Akhirnya, MarcopoloKedatangannya adalah hasil dari waktu yang tidak disengaja. Semua perbincangan Fusco dan Minahan tentang program TV yang menganut format sastra bukanlah hal baru. Etos “Ini bukan TV, ini HBO” yang muncul pada akhir tahun 90an membentuk sebagian besar hiburan kabel premium pada dekade berikutnya. Kini pemikiran yang sama berkembang seiring penerapannya pada platform media baru yang disediakan TV Internet.

“Bekerja dalam format ini sungguh menggembirakan.”

Lampu hijau dari Marcopolo terasa seperti akibat langsung dari evolusi itu. Teman-teman produser memberi tahu Fusco sejak awal bahwa dia harus meninggalkan Marco demi penjualan yang lebih mudah dan lebih terhubung dengan penonton saat ini. Promosi tersebut akhirnya menemukan semangat yang sama dalam diri pendiri The Weinstein Company, Harvey Weinstein, yang apresiasinya terhadap sinema Asia dan cerita Timur-bertemu-Barat sangat terkenal di Hollywood.
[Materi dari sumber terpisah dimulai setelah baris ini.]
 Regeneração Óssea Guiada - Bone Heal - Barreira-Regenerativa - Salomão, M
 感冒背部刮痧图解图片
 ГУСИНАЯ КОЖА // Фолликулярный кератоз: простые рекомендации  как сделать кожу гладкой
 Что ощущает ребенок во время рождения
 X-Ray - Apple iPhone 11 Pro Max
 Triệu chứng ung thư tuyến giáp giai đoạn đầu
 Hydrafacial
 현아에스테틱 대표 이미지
Namun meski begitu, Fusco dan Weinstein kesulitan menemukan rumah Marco; itu mendarat di Starz pada awal tahun 2012 dan dengan cepat gagal di sana sebelum hadir di Netflix. Lapar akan lebih banyak konten untuk melengkapi pendatang baru yang menjanjikan Rumah kartu dan menghidupkan kembali favorit kultus seperti Pembangunan yang Ditangkap, raksasa TV Internet dengan cepat memanfaatkan epik sejarah beranggaran besar ini.

Fusco sudah lama memutuskan bahwa cerita Marco paling cocok jika dijadikan pengobatan jangka panjang, dan Netflix memberinya kemampuan untuk melaksanakan ide tersebut. Bahkan dengan pengalaman minimal dalam mengembangkan konten untuk TV, Fusco dengan cepat mulai bekerja.
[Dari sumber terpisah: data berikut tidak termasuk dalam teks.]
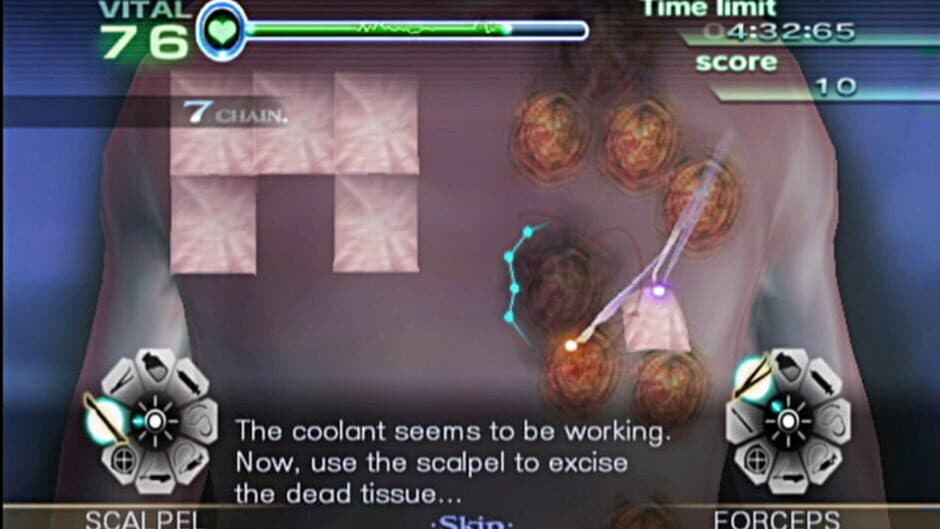 Trauma Center: New Blood - Captura 4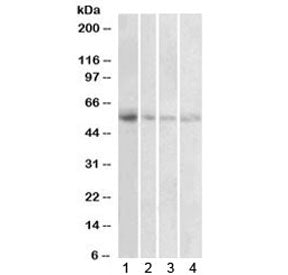 Western blot testing of human 1) placenta, 2) uterus, 3) adrenal gland and 4) pancreas lysate with V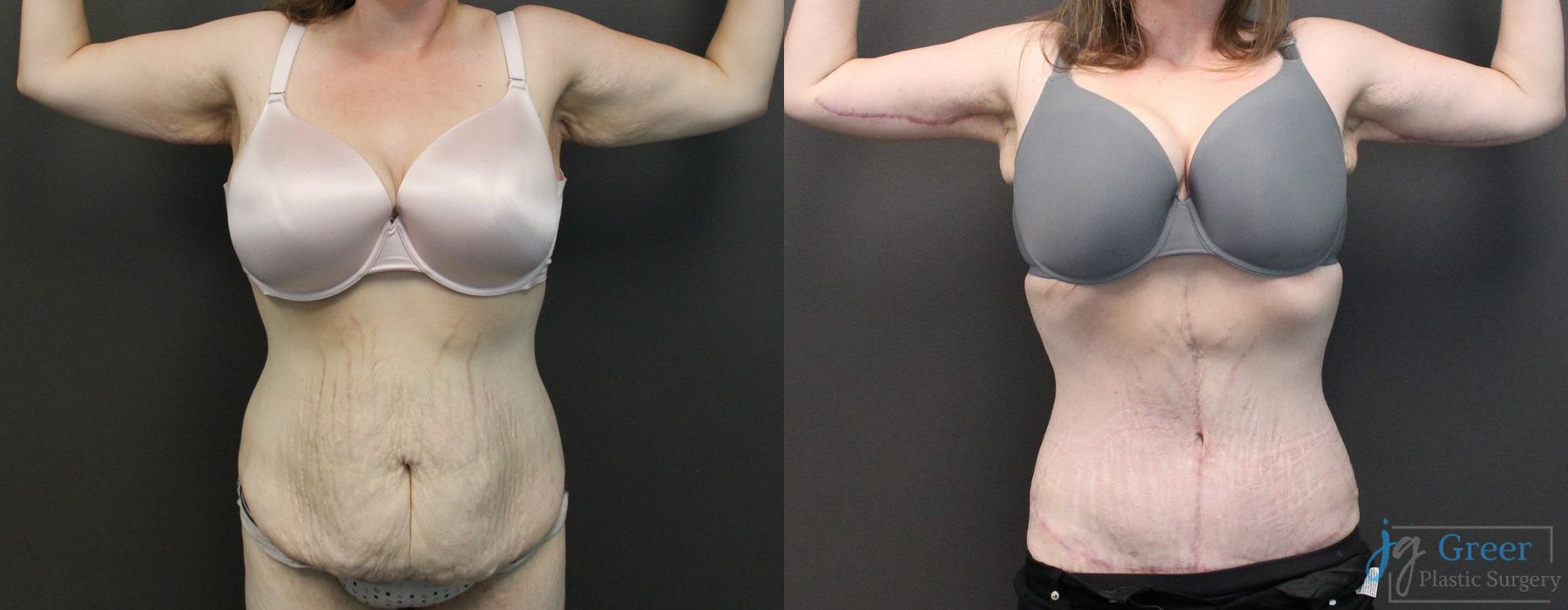 Abdominoplasty - Case 2303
wawancara sutradara marco polo john fusco tentang kebebasan membuat netflix tv marcos1038hjpg 89c190
wawancara sutradara marco polo john fusco tentang kebebasan membuat netflix tv marcos1006hjpg bc183c

“Ini merupakan pengalaman yang luar biasa,” katanya. “Netflix sangat mendukung dalam memberi kami kebebasan untuk membuat acara yang… Harvey dan saya bayangkan sejak awal.”

“Bekerja dalam format ini sungguh menggembirakan,” lanjutnya. “Maksudku, dari segi produksi? Ini tidak seperti membuat film layar lebar. Anda berlari dan menembak. Anda menari sambil berdiri. Tidak ada waktu untuk menikmatinya. Kegembiraan seperti itu sebenarnya bisa membuat ketagihan.”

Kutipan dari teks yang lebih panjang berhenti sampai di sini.